▸ INPUT MATERIAL
_ _ _ _ _
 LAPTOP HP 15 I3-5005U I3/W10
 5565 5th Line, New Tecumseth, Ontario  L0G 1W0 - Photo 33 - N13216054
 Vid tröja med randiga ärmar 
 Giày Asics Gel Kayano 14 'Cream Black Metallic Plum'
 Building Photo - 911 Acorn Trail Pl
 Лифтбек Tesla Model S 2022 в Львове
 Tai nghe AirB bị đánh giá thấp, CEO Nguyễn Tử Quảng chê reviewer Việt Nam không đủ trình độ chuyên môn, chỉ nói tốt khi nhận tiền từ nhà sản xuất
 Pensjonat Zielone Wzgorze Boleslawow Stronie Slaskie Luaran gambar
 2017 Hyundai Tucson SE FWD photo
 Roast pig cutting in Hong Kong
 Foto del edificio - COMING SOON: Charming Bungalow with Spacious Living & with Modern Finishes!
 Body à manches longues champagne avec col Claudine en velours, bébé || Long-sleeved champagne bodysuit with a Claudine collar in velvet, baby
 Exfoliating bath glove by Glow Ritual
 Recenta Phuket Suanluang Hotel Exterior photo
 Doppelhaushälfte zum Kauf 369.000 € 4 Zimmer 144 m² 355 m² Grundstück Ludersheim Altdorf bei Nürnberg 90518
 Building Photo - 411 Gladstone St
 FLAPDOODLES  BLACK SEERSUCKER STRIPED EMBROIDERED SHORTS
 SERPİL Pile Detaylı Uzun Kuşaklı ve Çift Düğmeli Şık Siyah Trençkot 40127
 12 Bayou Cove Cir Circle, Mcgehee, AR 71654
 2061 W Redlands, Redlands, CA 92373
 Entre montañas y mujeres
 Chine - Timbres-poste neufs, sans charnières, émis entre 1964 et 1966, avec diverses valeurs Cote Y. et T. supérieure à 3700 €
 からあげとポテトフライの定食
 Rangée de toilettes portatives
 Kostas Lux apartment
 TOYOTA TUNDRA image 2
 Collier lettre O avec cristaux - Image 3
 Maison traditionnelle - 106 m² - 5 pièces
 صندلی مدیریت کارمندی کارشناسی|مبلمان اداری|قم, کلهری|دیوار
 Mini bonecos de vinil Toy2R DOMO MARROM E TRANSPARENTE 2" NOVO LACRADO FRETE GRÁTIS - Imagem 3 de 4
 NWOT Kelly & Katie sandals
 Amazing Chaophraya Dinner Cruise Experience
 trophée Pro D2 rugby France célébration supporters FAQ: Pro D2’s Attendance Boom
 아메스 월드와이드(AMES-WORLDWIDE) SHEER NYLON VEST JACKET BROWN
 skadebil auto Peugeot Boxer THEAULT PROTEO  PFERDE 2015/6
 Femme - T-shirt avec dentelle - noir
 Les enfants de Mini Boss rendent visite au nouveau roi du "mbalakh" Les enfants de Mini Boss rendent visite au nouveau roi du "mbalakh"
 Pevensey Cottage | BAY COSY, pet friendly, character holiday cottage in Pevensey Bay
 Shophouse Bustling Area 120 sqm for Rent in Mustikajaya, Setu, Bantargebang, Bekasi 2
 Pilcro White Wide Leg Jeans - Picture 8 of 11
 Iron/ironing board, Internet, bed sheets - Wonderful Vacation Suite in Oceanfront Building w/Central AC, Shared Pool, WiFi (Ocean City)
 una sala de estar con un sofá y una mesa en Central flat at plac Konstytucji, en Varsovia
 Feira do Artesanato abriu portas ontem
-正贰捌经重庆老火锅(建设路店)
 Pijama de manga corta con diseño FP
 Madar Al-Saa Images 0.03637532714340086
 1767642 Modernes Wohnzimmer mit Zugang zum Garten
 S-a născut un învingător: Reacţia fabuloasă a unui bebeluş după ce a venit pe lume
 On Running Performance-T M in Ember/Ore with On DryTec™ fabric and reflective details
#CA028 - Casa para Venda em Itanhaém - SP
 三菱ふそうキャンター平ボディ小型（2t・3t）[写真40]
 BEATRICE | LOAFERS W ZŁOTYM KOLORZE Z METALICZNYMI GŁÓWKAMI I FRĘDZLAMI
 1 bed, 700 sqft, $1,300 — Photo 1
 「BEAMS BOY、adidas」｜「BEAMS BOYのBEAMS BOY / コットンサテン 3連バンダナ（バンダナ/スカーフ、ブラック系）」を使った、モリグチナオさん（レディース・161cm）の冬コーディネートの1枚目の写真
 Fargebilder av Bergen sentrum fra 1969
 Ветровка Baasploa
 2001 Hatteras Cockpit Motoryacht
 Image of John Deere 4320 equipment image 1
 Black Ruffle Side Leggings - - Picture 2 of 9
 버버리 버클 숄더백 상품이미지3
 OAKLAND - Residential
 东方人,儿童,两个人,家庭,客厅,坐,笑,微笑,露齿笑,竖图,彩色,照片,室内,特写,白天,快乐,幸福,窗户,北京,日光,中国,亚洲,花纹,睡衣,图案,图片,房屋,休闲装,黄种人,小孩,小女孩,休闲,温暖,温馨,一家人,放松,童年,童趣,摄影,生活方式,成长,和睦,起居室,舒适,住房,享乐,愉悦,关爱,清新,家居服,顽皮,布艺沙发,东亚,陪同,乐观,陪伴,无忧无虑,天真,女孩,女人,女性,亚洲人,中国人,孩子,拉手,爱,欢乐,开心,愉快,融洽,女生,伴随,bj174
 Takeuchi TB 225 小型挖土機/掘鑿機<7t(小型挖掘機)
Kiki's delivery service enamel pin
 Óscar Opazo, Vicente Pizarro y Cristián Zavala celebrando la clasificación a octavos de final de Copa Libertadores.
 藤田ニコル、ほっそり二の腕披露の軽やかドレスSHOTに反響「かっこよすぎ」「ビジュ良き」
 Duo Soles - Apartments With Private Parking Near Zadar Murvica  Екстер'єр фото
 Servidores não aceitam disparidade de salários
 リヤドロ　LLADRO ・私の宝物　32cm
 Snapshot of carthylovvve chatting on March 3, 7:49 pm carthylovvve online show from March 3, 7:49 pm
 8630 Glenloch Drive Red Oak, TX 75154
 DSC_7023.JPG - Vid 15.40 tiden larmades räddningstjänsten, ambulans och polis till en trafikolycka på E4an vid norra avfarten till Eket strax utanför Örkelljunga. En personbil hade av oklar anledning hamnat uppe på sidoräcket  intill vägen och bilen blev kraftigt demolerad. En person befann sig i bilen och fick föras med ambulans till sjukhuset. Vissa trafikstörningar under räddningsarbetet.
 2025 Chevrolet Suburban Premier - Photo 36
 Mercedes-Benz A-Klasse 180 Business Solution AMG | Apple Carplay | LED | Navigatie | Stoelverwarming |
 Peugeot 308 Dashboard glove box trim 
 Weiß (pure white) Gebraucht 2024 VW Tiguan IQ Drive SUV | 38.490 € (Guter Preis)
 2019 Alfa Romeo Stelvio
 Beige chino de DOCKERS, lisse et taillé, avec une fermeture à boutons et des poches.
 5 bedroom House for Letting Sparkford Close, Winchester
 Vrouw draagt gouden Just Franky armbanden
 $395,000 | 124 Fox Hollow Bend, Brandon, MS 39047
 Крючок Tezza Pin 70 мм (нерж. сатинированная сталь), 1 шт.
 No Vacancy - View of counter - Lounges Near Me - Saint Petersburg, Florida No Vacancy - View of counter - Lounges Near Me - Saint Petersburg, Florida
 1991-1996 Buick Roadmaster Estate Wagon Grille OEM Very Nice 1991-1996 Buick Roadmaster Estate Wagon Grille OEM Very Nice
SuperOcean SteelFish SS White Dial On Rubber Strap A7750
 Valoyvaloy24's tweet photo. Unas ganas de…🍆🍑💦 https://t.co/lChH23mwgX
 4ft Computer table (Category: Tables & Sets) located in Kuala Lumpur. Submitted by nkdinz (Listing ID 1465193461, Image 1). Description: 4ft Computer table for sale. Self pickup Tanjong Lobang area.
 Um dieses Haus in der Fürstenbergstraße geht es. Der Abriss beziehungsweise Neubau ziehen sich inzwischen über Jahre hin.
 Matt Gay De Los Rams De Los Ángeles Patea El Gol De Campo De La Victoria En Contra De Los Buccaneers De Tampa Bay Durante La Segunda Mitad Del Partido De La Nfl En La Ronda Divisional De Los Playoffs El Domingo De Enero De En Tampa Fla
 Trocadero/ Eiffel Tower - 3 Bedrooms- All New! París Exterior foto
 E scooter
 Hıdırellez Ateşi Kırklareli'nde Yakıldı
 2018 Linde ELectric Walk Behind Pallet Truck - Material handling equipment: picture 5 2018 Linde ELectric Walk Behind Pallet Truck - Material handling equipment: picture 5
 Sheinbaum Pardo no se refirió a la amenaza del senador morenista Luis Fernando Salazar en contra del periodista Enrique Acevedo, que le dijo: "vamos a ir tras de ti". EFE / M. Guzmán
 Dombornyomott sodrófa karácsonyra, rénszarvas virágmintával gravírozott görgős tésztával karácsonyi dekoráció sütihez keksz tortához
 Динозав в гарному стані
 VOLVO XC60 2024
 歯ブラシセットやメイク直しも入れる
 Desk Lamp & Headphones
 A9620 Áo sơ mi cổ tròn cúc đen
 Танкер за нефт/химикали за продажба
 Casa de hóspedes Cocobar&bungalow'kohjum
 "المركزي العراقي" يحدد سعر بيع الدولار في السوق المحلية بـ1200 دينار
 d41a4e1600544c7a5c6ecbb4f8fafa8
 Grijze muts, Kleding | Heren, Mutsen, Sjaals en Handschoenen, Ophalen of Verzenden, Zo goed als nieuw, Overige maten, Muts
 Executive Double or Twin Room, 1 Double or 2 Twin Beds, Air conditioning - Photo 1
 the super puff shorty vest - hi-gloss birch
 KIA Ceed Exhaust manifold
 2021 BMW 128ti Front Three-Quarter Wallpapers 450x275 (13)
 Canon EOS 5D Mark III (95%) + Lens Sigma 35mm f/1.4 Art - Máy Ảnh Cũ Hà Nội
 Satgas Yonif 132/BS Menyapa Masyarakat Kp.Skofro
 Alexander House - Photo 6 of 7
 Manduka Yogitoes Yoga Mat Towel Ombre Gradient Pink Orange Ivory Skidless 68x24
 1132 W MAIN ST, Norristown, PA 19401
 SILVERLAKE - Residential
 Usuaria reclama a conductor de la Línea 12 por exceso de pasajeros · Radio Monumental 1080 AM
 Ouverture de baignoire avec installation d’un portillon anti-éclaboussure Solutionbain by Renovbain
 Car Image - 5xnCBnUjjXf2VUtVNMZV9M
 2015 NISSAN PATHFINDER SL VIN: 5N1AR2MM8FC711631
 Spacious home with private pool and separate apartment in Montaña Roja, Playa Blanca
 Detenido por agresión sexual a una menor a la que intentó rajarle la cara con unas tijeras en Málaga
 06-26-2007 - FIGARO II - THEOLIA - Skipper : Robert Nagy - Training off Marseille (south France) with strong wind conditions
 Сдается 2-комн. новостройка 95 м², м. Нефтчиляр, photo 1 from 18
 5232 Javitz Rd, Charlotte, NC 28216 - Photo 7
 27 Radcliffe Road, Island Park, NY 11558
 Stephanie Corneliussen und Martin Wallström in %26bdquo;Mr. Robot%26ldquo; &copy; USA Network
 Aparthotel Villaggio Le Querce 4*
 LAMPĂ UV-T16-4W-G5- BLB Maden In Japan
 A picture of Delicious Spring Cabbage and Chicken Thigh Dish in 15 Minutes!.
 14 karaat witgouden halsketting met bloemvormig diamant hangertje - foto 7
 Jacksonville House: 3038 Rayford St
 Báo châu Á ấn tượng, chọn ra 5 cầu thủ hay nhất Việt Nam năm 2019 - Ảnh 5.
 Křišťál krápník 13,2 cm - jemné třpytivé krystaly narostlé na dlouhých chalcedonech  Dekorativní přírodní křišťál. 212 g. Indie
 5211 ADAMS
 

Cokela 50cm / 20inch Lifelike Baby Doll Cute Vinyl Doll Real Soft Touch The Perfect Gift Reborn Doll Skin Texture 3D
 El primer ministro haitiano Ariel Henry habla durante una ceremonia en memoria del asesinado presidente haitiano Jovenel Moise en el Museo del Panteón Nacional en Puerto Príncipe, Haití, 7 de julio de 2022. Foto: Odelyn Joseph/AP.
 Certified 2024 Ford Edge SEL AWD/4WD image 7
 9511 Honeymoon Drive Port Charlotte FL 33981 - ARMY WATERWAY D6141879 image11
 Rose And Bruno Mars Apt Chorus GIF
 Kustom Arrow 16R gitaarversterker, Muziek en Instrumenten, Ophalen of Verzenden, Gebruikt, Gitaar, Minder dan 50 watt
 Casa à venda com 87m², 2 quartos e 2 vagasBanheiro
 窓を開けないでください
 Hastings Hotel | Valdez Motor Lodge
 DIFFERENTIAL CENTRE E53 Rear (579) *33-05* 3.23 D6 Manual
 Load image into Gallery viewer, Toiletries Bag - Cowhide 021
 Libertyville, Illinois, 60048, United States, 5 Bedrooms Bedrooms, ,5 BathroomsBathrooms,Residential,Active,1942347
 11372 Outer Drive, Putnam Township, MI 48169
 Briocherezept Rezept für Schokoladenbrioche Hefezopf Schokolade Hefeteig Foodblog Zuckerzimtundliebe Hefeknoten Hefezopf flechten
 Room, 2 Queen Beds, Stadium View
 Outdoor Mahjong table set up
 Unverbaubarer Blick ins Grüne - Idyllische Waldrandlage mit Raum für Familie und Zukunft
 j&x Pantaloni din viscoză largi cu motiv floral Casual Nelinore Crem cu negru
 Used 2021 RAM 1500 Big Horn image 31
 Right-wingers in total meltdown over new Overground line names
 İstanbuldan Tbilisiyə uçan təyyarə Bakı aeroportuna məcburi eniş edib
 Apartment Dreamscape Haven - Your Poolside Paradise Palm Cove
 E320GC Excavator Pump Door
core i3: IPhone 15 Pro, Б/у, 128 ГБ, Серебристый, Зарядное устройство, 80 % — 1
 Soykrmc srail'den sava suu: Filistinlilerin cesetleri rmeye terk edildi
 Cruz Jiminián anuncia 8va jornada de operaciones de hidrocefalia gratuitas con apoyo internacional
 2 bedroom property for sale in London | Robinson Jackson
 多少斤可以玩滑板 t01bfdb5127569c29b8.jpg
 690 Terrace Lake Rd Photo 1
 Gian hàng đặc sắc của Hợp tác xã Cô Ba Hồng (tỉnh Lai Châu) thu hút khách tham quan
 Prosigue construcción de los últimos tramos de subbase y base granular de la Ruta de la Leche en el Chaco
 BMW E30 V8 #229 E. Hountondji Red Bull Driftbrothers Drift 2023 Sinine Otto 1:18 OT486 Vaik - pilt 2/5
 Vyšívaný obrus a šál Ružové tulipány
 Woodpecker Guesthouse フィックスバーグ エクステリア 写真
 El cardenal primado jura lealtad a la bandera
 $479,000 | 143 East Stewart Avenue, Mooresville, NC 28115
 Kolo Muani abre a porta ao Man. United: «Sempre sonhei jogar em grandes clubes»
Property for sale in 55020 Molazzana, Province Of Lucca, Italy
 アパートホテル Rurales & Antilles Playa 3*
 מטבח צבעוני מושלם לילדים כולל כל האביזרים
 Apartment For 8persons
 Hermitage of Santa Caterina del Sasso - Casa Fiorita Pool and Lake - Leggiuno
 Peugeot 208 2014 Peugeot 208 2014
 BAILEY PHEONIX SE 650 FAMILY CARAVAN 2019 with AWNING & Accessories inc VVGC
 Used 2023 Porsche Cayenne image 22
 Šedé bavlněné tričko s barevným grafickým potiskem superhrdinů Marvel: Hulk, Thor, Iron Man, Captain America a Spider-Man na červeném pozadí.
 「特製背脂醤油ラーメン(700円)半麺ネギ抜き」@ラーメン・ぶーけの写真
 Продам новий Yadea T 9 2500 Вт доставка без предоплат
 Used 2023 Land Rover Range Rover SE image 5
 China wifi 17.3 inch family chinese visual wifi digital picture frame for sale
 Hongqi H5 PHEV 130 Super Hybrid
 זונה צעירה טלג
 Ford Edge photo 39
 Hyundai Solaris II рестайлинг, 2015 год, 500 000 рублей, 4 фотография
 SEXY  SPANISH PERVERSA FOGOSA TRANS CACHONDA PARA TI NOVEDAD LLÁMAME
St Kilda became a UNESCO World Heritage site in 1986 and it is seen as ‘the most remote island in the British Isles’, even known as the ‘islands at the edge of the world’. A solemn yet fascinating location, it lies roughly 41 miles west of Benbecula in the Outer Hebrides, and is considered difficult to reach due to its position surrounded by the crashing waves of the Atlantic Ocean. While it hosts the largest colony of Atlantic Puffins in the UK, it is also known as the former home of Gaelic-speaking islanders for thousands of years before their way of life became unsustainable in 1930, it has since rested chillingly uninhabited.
_ _ _ _ _
▸ TASK STATEMENT
Report back each line in the material above that contains the string "Residential".

▸ TASK RESULT
 OAKLAND - Residential
 SILVERLAKE - Residential
 Libertyville, Illinois, 60048, United States, 5 Bedrooms Bedrooms, ,5 BathroomsBathrooms,Residential,Active,1942347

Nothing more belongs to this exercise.